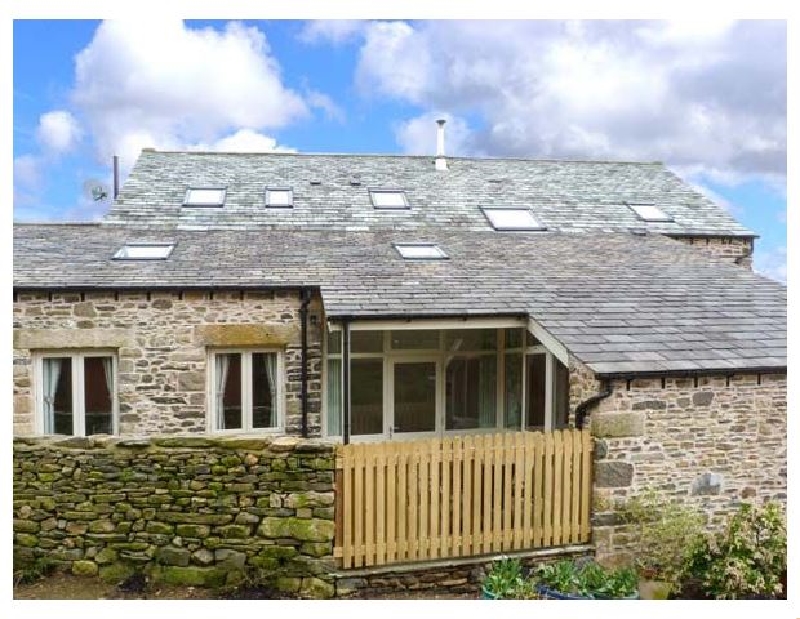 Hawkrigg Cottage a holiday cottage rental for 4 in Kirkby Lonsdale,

• • •

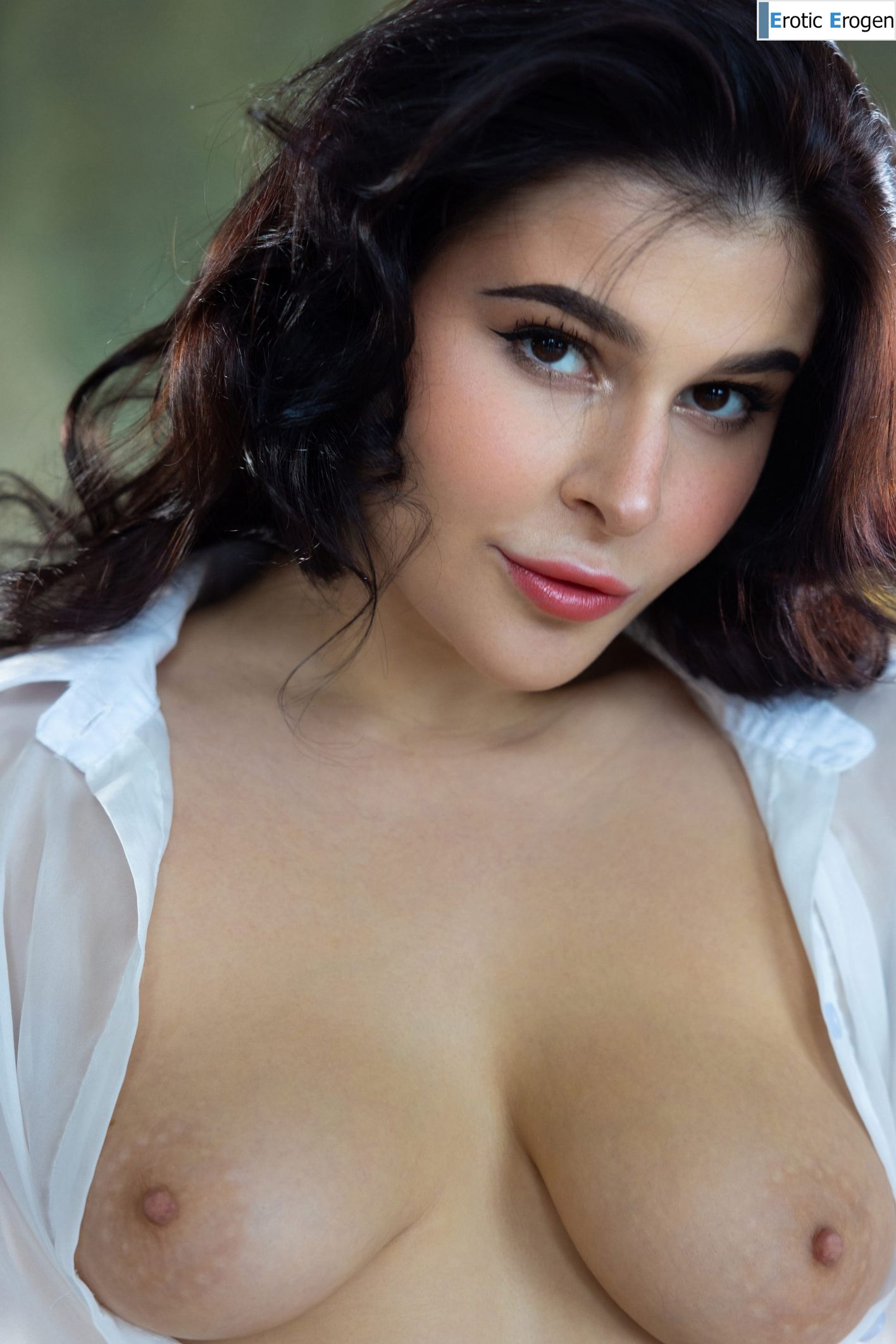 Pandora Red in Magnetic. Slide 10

• • •

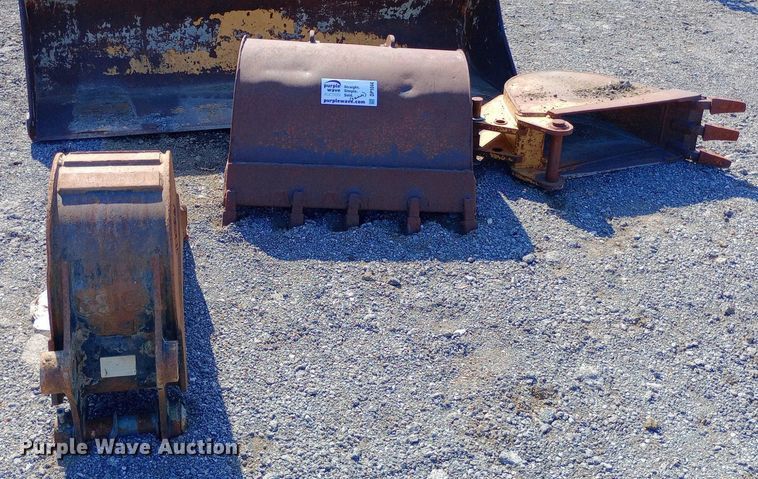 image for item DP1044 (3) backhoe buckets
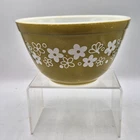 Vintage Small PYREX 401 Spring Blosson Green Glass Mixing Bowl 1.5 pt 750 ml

• • •

Task prompt
Could the stretch from the line with "image for item DP1044 (3) backhoe buckets" through the line with "Vintage Small PYREX" in the listing above be restated word for word, minus the pictures?

Task solution
 image for item DP1044 (3) backhoe buckets
 Vintage Small PYREX 401 Spring Blosson Green Glass Mixing Bowl 1.5 pt 750 ml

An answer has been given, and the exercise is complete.